Here’s a great article from cnbc.com about how much of a monthly payment you can afford to stay within guidelines for buying a home. According to the author, if you keep your housing costs under 30%, you can only afford the following monthly payments.
- $30,000 income: $750
- $40,000 income: $1,000
- $50,000 income: $1,250
- $60,000 income: $1,500
- $70,000 income: $1,750
- $80,000 income: $2,000
- $90,000 income: $2,250
- $100,000 income: $2,500
- $110,000 income: $2,750
- $120,000 income: $3,000
That’s a nice chart. However, let’s dig a little deeper to see how much home that could actually buy you.
| Annual Income | Monthly Payment | House Price @ 6.5%, 30 yrs |
| $30,000 | $750 | $100,000 ($632 payment, does not include Taxes, Insurance, PMI) |
| $40,000 | $1,000 | |
| $50,000 | $1,250 | |
| $60,000 | $1,500 | $200,000 ($1264 payment, does not include Taxes, Insurance, PMI) |
| $70,000 | $1,750 | |
| $80,000 | $2,000 | |
| $90,000 | $2,250 | $300,000 ($1,896 payment, does not include Taxes, Insurance, PMI) |
| $100,000 | $2,500 | |
| $110.000 | $2,750 | |
| $120,000 | $3,000 | $400,000 ($2,528 payment, does not include Taxes, Insurance, PMI) |
So, what they’re saying, is that if you make $120,000 per year in my market, you can only afford an entry level condo.
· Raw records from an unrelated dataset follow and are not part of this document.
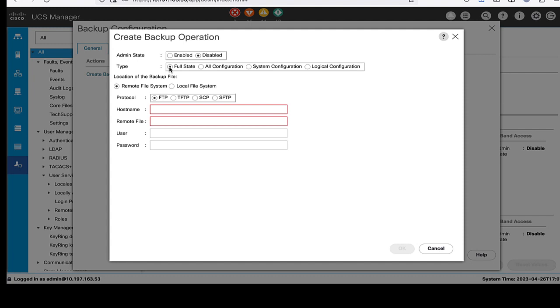In the create operation dialog box, we need to complete the following field. In the admin state field, we can either select enable or disable. When we select enable, the UCS Manager will run the backup operation as soon as we click OK. When we select disable, the Cisco UCS Manager does not run the backup operation. We must manually run the backup from the backup configuration dialog box.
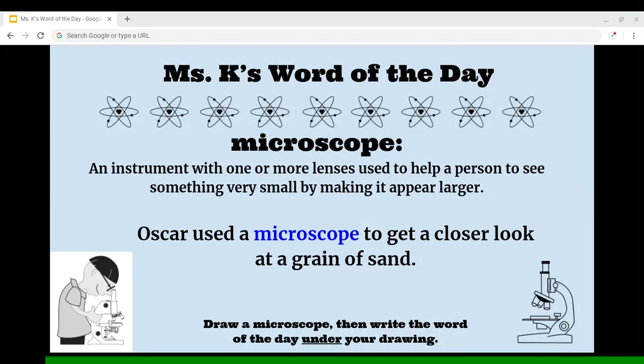Ms. K's Word of the Day: Microscope. A microscope is an instrument with one or more lenses used to help a person to see something very small by making it appear larger.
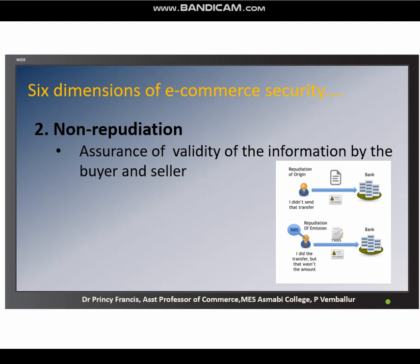The second point is non-repudiation. It provides the assurance that anyone cannot deny the validity of a transaction. Once the buyer and seller accept any terms and conditions of an e-commerce transaction, they must not deny anything about that. Repudiate means deny, so non-repudiation means no party — whether buyer or seller, customer or bank — can deny the agreement.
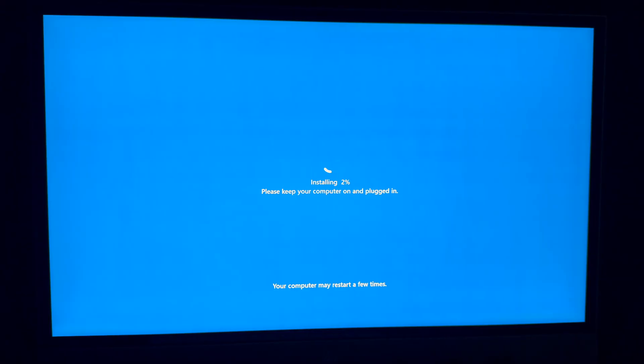All right, so the next screen that you should see is this: 'Please keep your computer on.' It's installing, it's going to restart, and you're almost going to be done with this whole thing.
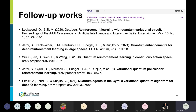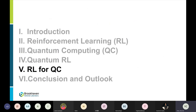After our quantum deep Q-learning work, several follow-up works extended the understanding and application scenarios of quantum reinforcement learning, including quantum deep Q-learning, quantum policy gradient reinforcement learning, and other approaches.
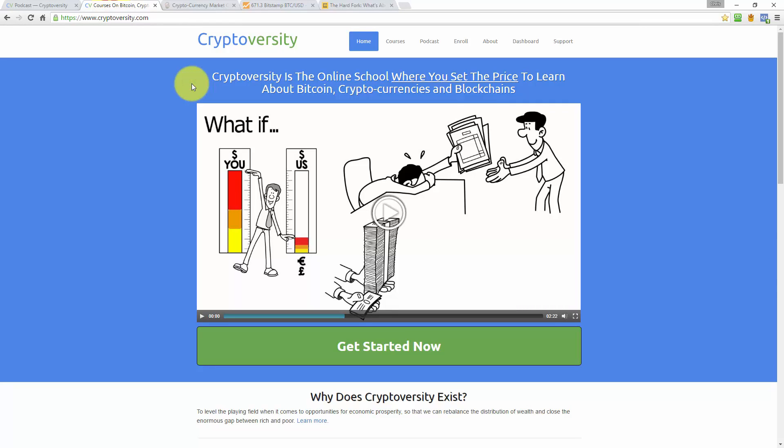Also remember to check out the main site, Cryptoversity.com, where you set the price to learn about Bitcoin, cryptocurrencies, and blockchains. That's all for today guys, so it's me Chris Coney saying bye for now.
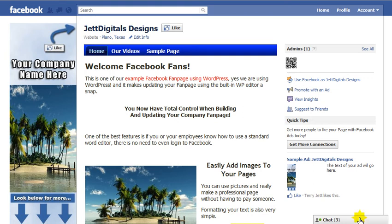Hello and welcome back. In this video I want to show you the free WordPress theme that I'm giving you. It's nothing more than a WordPress theme that is about 500 pixels wide, and you can use it to make apps or whatever the case may be. If you watch the videos on making the apps and pages, you can use this theme to create more.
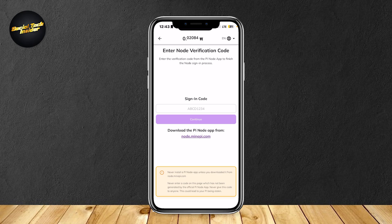After that, you can proceed by simply typing in the sign-in code so that you could connect the two, and now you can set up your node.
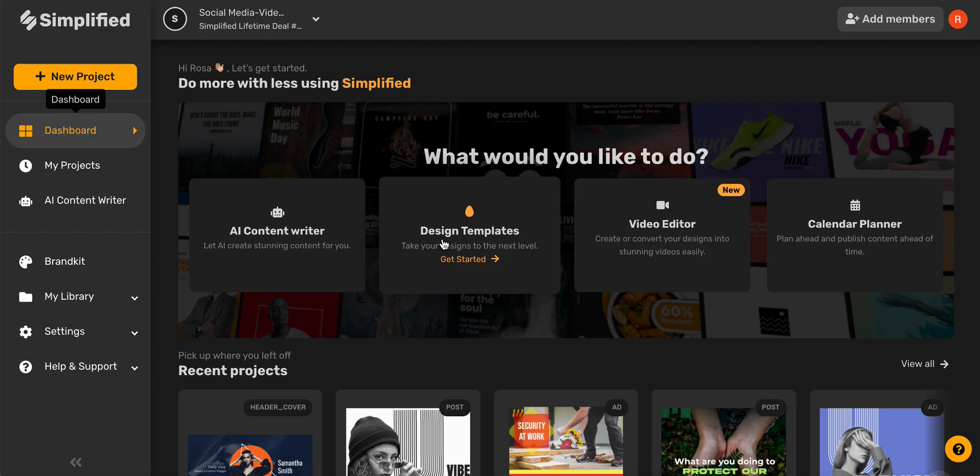Hey guys, so today we are going to walk through the steps to create YouTube channel art from a design template.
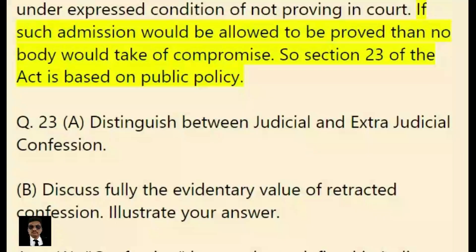If such admissions were allowed to be proved, then nobody would attempt a compromise. So Section 23 of the Act is based on public policy.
Let that sink in for a minute. If you’re making $120K, you can only afford an entry level condo!
So, if you want to buy a house in this market, you’re going to need more money. So, here are your options:
- Get a better job
- Get another (additional) job
In the book, Rick teaches Shawn about this concept. If you want more money, it’s like flipping a coin. You have 2 options:
- Tails = get off your tail and work, earn more money.
- Heads = use your head and figure out how to save money, bet smart with your money and figure out how to put money to work for you.
People are still buying homes. But it looks like the rules are changing. And if you’re going to find yourself in a home, you need to work, and you need to be smart.